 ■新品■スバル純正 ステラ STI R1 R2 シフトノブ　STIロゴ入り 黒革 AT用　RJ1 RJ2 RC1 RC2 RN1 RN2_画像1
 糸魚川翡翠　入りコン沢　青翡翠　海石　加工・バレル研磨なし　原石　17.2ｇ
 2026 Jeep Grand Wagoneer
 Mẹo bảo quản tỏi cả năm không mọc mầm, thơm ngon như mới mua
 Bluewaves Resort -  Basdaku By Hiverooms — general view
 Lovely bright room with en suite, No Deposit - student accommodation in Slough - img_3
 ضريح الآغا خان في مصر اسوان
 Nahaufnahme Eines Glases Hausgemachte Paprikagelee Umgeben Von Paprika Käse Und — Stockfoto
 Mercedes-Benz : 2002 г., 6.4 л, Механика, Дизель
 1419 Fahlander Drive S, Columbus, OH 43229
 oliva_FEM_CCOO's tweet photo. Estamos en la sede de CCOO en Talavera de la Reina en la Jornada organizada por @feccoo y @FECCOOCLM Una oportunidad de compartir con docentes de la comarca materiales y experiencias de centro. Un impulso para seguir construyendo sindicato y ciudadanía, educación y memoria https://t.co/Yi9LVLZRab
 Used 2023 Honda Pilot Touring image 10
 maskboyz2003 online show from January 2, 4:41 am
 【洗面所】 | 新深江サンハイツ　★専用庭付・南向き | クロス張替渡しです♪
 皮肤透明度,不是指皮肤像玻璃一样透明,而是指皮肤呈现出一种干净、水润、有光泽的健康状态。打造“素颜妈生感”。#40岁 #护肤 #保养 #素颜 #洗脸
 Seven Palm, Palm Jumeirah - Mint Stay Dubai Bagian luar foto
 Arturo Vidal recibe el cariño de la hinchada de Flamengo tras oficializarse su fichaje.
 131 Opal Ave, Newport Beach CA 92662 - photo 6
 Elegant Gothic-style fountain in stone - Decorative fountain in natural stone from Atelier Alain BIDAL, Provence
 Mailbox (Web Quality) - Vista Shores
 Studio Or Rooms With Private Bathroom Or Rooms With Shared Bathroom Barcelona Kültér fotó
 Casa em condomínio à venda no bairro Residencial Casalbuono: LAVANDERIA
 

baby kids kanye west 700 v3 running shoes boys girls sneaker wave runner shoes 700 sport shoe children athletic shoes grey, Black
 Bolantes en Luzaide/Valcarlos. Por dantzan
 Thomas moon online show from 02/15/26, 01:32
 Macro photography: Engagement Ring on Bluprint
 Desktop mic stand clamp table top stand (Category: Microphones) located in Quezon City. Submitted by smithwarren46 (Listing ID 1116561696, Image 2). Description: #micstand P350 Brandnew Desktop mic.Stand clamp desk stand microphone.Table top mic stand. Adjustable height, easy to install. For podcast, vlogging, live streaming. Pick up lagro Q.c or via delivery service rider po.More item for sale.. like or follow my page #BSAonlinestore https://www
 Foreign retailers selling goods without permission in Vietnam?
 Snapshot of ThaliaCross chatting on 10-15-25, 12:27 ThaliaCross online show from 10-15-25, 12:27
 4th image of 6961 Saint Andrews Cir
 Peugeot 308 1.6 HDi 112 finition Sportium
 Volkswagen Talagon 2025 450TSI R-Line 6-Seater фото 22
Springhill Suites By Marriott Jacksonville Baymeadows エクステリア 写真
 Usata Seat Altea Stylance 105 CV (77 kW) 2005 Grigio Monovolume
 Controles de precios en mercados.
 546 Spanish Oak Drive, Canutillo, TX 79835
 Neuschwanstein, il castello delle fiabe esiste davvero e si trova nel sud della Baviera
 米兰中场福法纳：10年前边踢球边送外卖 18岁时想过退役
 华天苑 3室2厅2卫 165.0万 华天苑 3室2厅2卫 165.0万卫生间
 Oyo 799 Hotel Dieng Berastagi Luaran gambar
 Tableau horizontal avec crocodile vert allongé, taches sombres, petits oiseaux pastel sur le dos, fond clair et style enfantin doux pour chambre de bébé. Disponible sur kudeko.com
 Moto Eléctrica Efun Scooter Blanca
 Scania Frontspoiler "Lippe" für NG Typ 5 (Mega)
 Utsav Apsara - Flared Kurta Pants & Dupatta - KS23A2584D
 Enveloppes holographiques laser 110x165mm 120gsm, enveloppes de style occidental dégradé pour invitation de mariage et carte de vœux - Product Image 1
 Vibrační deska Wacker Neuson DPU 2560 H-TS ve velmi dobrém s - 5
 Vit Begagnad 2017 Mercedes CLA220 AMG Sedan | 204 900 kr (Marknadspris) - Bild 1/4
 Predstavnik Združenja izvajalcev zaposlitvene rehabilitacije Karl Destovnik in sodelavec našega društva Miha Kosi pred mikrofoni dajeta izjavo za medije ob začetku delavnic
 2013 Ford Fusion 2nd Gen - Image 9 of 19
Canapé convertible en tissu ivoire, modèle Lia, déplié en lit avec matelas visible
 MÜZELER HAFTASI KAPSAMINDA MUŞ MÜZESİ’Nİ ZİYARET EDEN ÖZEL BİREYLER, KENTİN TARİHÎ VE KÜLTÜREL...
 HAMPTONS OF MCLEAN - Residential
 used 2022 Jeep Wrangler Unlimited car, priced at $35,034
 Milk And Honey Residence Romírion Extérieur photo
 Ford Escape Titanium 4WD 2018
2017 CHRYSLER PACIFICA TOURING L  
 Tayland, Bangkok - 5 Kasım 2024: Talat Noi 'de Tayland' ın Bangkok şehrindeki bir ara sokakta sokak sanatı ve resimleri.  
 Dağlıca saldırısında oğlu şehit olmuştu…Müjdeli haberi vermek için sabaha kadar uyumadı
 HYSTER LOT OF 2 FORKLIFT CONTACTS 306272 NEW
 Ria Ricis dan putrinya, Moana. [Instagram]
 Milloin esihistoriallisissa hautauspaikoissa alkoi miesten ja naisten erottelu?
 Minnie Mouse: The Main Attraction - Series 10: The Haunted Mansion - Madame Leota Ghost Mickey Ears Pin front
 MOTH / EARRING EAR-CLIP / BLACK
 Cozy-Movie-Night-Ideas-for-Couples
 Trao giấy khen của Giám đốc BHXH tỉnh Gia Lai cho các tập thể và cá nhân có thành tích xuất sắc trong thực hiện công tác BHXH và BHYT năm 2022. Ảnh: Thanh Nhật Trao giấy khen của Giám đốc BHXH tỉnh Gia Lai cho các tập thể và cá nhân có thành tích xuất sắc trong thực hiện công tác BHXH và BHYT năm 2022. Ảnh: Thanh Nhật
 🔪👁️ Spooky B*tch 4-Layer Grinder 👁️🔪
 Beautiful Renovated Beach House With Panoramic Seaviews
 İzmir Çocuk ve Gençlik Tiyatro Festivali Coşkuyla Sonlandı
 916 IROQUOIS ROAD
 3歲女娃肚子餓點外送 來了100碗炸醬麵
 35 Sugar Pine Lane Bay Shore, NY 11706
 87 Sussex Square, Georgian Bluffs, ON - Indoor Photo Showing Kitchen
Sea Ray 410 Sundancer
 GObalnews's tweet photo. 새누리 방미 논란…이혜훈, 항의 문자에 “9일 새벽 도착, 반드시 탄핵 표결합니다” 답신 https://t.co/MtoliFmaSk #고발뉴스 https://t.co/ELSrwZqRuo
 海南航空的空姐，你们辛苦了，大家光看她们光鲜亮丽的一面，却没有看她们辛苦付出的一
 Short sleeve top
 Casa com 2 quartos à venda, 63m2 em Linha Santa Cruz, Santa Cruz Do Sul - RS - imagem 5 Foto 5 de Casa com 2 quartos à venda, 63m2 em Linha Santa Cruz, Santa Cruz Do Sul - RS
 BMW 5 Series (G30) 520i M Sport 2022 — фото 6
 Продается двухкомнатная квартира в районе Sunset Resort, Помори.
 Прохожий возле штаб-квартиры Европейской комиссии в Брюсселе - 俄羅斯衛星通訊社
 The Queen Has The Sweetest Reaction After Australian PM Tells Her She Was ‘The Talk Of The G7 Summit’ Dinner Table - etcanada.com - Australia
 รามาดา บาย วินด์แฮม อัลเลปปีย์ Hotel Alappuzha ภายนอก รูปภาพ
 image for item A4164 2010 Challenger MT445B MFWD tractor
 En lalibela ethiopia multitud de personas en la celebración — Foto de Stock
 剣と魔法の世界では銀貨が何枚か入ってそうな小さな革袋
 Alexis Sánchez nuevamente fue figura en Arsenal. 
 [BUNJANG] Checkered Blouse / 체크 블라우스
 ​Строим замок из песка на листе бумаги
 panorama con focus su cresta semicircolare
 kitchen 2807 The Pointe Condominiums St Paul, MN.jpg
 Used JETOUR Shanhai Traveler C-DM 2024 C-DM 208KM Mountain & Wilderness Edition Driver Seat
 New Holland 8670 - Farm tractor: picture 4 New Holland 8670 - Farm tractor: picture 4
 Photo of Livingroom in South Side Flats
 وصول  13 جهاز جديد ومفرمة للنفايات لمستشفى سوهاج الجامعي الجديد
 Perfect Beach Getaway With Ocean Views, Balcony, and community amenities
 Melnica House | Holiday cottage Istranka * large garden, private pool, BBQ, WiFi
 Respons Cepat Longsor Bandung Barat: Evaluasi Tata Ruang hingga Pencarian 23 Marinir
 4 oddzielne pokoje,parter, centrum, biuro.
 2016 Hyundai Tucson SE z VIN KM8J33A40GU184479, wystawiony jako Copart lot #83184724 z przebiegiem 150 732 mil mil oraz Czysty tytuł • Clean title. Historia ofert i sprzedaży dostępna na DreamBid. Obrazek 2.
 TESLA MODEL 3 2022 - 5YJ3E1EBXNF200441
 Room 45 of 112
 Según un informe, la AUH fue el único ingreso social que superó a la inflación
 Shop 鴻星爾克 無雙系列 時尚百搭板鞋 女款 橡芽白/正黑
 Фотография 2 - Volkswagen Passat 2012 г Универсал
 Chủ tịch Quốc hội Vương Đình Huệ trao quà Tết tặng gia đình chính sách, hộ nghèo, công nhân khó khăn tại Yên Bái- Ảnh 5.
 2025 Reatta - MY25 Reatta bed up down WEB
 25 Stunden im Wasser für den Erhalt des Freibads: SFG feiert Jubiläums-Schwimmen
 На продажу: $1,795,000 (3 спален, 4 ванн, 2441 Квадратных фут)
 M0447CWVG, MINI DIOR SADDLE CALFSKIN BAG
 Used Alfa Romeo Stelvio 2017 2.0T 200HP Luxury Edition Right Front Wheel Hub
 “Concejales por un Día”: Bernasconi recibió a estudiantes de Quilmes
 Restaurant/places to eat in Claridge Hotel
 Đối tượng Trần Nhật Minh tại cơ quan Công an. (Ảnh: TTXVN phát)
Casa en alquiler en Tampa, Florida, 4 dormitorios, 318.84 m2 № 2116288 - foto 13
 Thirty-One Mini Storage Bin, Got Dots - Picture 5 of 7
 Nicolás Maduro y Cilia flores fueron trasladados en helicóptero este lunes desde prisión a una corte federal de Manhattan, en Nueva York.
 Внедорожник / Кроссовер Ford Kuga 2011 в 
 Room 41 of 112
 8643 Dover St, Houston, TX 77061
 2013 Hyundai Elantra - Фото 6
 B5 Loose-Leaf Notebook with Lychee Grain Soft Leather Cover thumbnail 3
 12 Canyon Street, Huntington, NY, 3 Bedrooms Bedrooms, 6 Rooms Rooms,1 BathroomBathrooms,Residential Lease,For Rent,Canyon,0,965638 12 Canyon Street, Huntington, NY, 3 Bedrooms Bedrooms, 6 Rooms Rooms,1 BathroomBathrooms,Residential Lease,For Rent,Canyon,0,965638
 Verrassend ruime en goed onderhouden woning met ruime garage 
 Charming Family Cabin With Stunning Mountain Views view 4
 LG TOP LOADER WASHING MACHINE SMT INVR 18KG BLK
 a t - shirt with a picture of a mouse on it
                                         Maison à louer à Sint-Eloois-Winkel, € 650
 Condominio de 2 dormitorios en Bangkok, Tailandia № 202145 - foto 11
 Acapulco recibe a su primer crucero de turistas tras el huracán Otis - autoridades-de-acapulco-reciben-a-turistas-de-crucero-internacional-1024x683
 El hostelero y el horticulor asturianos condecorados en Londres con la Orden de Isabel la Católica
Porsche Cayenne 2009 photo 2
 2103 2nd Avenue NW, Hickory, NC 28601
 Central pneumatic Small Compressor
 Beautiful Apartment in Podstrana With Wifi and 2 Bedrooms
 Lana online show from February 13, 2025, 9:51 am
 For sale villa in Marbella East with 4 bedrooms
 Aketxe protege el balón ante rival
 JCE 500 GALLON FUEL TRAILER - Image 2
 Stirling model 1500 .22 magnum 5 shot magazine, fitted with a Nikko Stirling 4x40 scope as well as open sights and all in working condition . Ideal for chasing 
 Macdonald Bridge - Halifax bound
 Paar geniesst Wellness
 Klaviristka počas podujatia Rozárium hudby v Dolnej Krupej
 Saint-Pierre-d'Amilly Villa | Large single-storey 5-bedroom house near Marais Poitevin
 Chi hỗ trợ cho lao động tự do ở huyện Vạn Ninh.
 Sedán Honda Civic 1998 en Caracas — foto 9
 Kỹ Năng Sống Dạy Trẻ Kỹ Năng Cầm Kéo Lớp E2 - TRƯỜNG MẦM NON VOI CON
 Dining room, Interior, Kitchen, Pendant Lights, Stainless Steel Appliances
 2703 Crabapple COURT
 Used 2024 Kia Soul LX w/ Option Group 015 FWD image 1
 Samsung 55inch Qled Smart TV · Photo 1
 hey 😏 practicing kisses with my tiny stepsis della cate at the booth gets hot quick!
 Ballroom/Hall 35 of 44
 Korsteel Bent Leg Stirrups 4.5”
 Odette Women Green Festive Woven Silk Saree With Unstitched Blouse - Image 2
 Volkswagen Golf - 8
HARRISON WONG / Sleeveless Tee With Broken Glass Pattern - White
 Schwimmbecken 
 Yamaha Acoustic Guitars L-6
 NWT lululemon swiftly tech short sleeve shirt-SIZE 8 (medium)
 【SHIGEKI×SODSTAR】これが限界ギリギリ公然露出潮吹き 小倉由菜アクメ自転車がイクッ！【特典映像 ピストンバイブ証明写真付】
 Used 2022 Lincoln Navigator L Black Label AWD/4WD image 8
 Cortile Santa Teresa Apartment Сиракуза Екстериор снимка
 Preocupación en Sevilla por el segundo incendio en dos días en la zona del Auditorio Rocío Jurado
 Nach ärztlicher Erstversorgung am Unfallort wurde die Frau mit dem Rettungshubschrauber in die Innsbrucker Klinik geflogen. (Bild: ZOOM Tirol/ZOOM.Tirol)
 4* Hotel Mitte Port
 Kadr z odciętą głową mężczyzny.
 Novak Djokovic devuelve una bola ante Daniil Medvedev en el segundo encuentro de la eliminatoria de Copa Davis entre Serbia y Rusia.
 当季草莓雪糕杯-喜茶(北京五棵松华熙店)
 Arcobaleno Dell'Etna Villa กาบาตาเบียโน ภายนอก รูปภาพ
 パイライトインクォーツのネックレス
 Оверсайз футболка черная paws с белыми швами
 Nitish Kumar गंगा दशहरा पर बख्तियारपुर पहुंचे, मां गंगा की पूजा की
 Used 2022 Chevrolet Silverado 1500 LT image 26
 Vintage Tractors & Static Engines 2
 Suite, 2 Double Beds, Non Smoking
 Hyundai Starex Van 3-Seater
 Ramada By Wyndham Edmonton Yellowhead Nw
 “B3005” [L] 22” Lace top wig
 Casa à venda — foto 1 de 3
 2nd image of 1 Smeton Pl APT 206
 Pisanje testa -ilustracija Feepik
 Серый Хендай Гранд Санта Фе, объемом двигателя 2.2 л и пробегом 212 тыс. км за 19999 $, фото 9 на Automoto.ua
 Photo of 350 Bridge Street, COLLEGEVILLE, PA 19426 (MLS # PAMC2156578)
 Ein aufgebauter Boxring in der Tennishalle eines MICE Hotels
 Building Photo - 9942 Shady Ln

· · ·

Work request: Everything from the line containing "maskboyz2003 online show" through the line containing "131 Opal Ave, Newport" in the material above should be retyped exactly, both ends included, and nothing more.

Response to this task:
 maskboyz2003 online show from January 2, 4:41 am
 【洗面所】 | 新深江サンハイツ　★専用庭付・南向き | クロス張替渡しです♪
 皮肤透明度,不是指皮肤像玻璃一样透明,而是指皮肤呈现出一种干净、水润、有光泽的健康状态。打造“素颜妈生感”。#40岁 #护肤 #保养 #素颜 #洗脸
 Seven Palm, Palm Jumeirah - Mint Stay Dubai Bagian luar foto
 Arturo Vidal recibe el cariño de la hinchada de Flamengo tras oficializarse su fichaje.
 131 Opal Ave, Newport Beach CA 92662 - photo 6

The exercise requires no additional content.